The biggest issue I see is making it work with hot dry rock.  You could drop in some highly conductive material and essentially turn the well into a glorified radiator, but it won't take too long before you cool down the bottom of the well.  Part of the key to making geothermal work is drawing your heat from a fairly large area; just using the borehole itself isn't going to be enough for long-term use unless you are siphoning heat off at a really slow rate (slow enough to make the whole endeavor of questionable value).

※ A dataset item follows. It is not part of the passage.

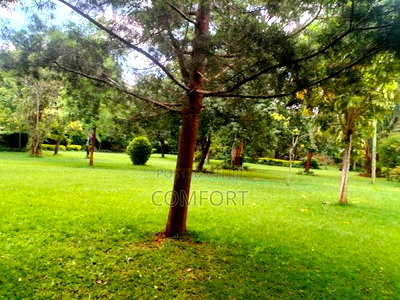 5bdrm Mansion in Karen for rent - Image 4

To increase the area from which you are drawing heat, the old-school way is to just tap into an area that already has hot geofluid and produce that up the well.  In a dry rock application, you must supply the fluid yourself through (an) injector well(s), force it to meander through a large area of hot rock where it soaks up heat, and then force it into a production well from which it can be returned up to surface.  Then you have hot fluid on surface.  Most likely approach will be to run that hot fluid through a heat exchanger to heat water or some other fluid in a turbine loop.  The now-cooler produced fluid is pumped to the aforementioned injector wells, and the process repeats.  Unless you chose your formation very carefully (must have little-to-no natural porosity) and execute your hydraulic fracture of said formation perfectly, the amount of water that gets lost per cycle is going to be horrific.  That last bit is the biggest barrier at the moment to hot dry rock geothermal power.